## TASK DESCRIPTION:
Copy the data precisely, character for character, and leave out every picture.

## DATASET EXTRACT:
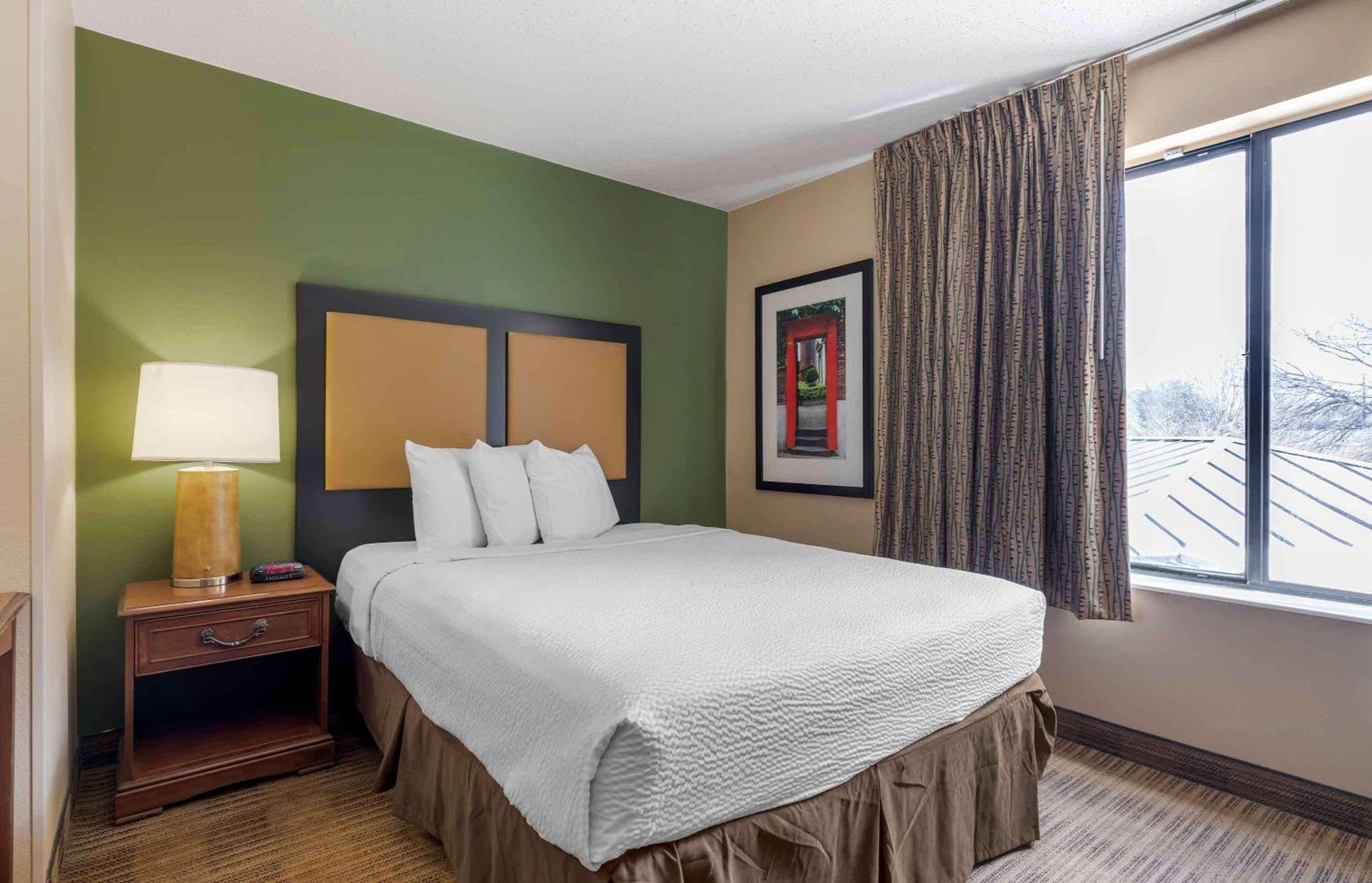 Extended Stay America Select Suites - Dallas - Фармърс Бранч Екстериор снимка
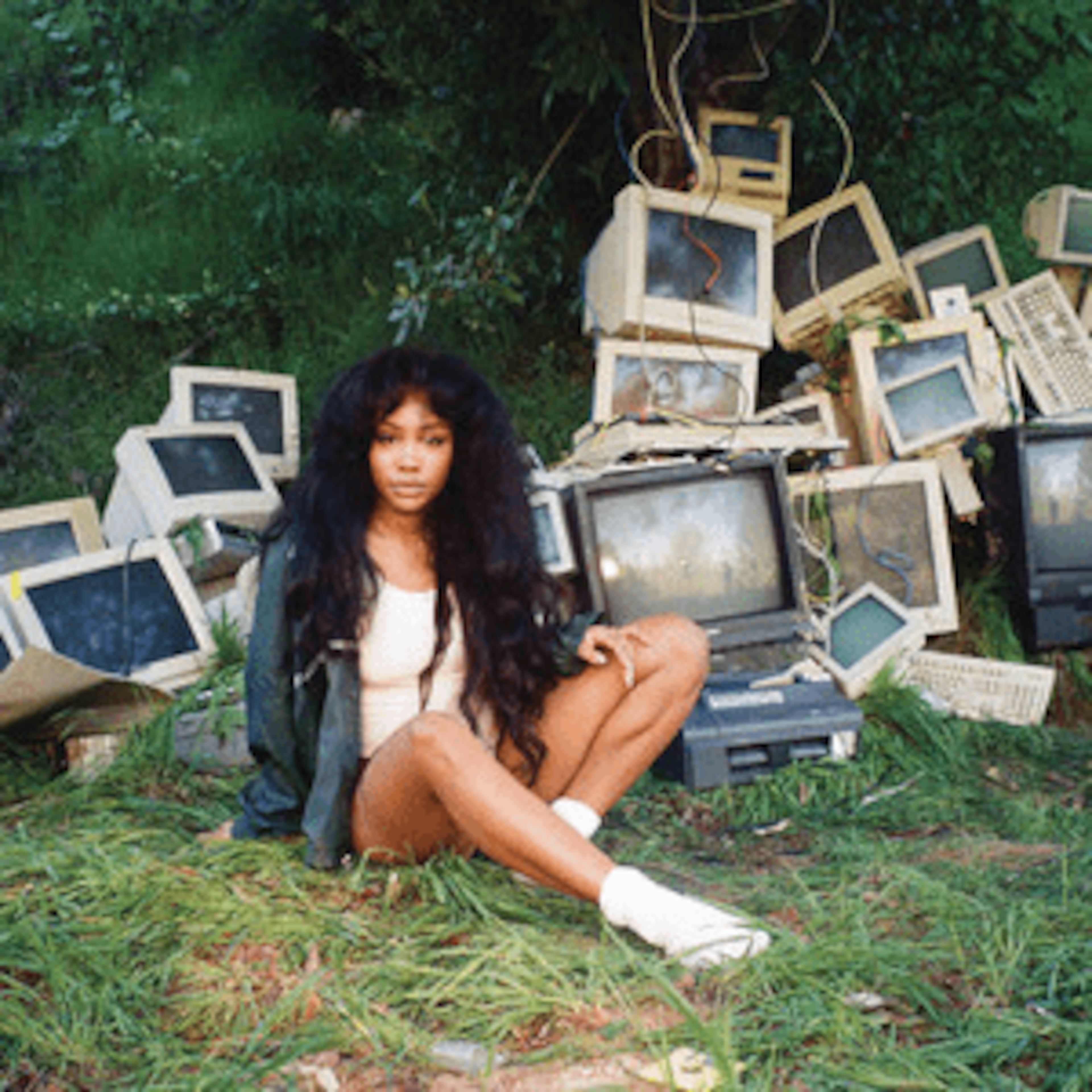 When a young AJC Intern K'mari Greene, was trying to discover herself, she turned to singer-songwriter SZA's 2017 album, "Ctrl." The album is still influencing her.
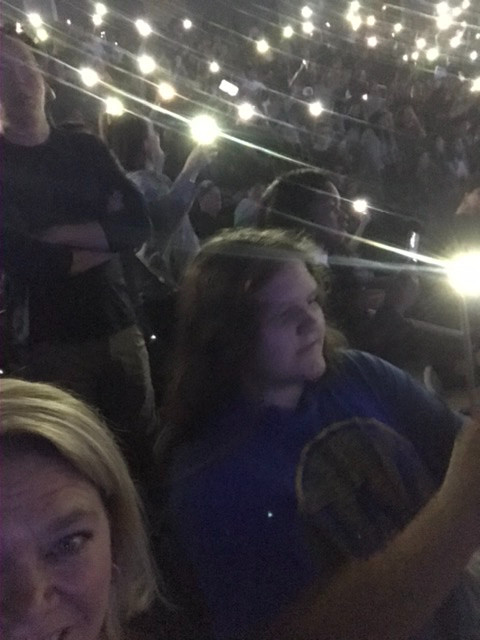 The Chainsmokers/5 Seconds of Summer/lennon Stella: World War Joy Tour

## EXPECTED ANSWER:
 Extended Stay America Select Suites - Dallas - Фармърс Бранч Екстериор снимка
 When a young AJC Intern K'mari Greene, was trying to discover herself, she turned to singer-songwriter SZA's 2017 album, "Ctrl." The album is still influencing her.
 The Chainsmokers/5 Seconds of Summer/lennon Stella: World War Joy Tour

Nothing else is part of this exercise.